2. I malvagi sono tollerati dai buoni in quanto questi nei
limiti del dovere ne sopportano le ingiurie personali; i buoni però non
tollerano le ingiurie commesse contro Dio e il prossimo. Infatti il Crisostomo
[l. cit. nell‘ob. 4] afferma: «La pazienza nel sopportare le ingiurie personali
è una cosa lodevole; ma sopportare le ingiurie verso Dio è il colmo
dell‘empietà».
3. La legge evangelica è una legge di amore. Perciò non si
deve incutere timore con i castighi a coloro che compiono il bene per amore, e
che soli propriamente appartengono al Vangelo, ma soltanto a quelli che
non sono portati al bene per amore, e che sebbene appartengano alla Chiesa
perché accrescono il «numero» dei fedeli, tuttavia non ne accrescono il
«merito» [cf. Agost., In Ioh. ev. tract. 61].

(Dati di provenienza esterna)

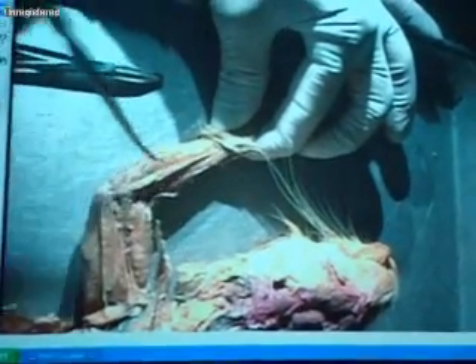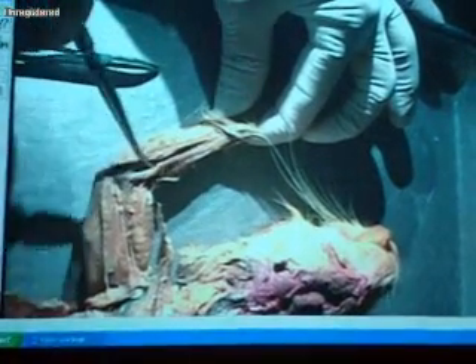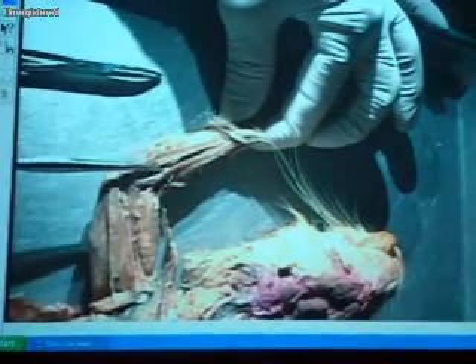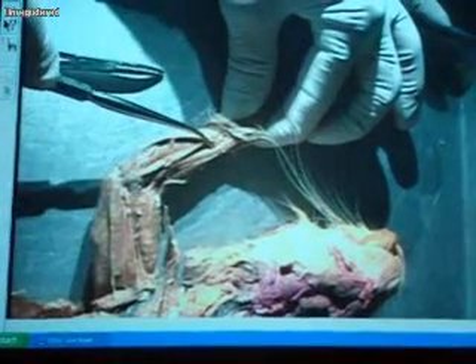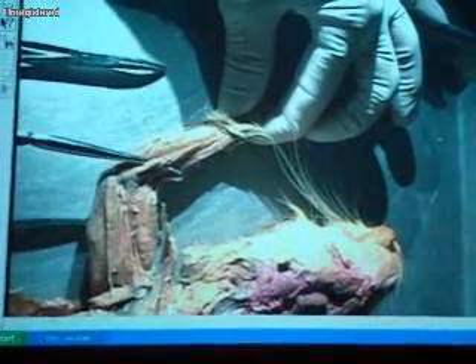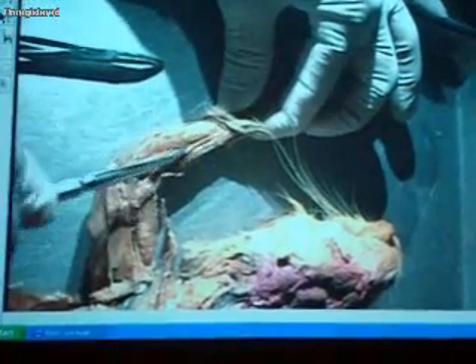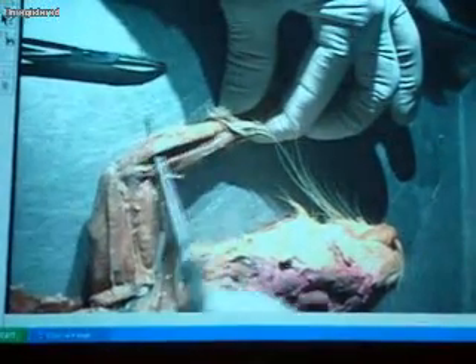This is flexor carpi radialis. Pronator teres is this little skinny one — you can actually pull the muscles apart. You can see it's really skinny, but it comes across the bone and inserts right here into the radius. The next one is flexor carpi radialis.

4. Le ingiurie personali talora ricadono su Dio e sulla
Chiesa: e allora si è tenuti a vendicarle.Come è evidente nel caso di Elia
[2 Re 1, 9 ss.], il quale fece discendere il fuoco su coloro che erano
venuti a catturarlo. E anche Eliseo [2 Re 2, 23 s.] lanciò la maledizione sui
fanciulli che lo schernivano. Il Papa S. Silvestro poi [Decr. di Graz. 2, 23,
4, 30] scomunicò coloro che lo avevano mandato in esilio.Se invece l‘ingiuria
ricade esclusivamente sulla propria persona, allora essa va tollerata con
pazienza, se la cosa può giovare. Come spiega infatti S. Agostino [De
serm. Dom. in monte 1, cc. 19, 20], queste norme sulla pazienza sono da
intendersi come predisposizioni d‘animo in caso di bisogno. 5. Quando è tutto
il popolo che pecca, la vendetta va fatta su tutto il popolo, come furono
sommersi nel mar Rosso gli Egiziani che perseguitavano i figli d‘Israele [Es
14, 22 ss.], e come furono colpiti in blocco gli abitanti di Sodoma [Gen 19,
25]; oppure va colpito un numero rilevante di persone, come avvenne nel castigo
inflitto per l‘adorazione del vitello d‘oro [Es 32, 27 s.]. - Talora invece,
se si spera l‘emendamento di molti, la severità della vendetta deve colpire
pochi esponenti, la cui punizione incuta timore negli altri: come si legge nel
libro dei Numeri [25, 4] che il Signore comandò di impiccare i capi per il
peccato di tutto il popolo. Se invece il popolo non ha peccato in blocco, ma in
parte, allora, quando i colpevoli possono essere riconosciuti, la vendetta va
esercitata su di essi: se però il castigo è possibile senza pregiudizio degli
altri. Altrimenti si deve perdonare al popolo rinunciando alla severità. E lo
stesso si dica per il principe che rappresenta il popolo. Infatti il suo
peccato va tollerato, se non può essere punito senza scandalo dei sudditi: a
meno che non sia tale da nuocere al popolo, nell‘ordine spirituale o temporale,
più dello scandalo che potrebbe nascere dalla punizione.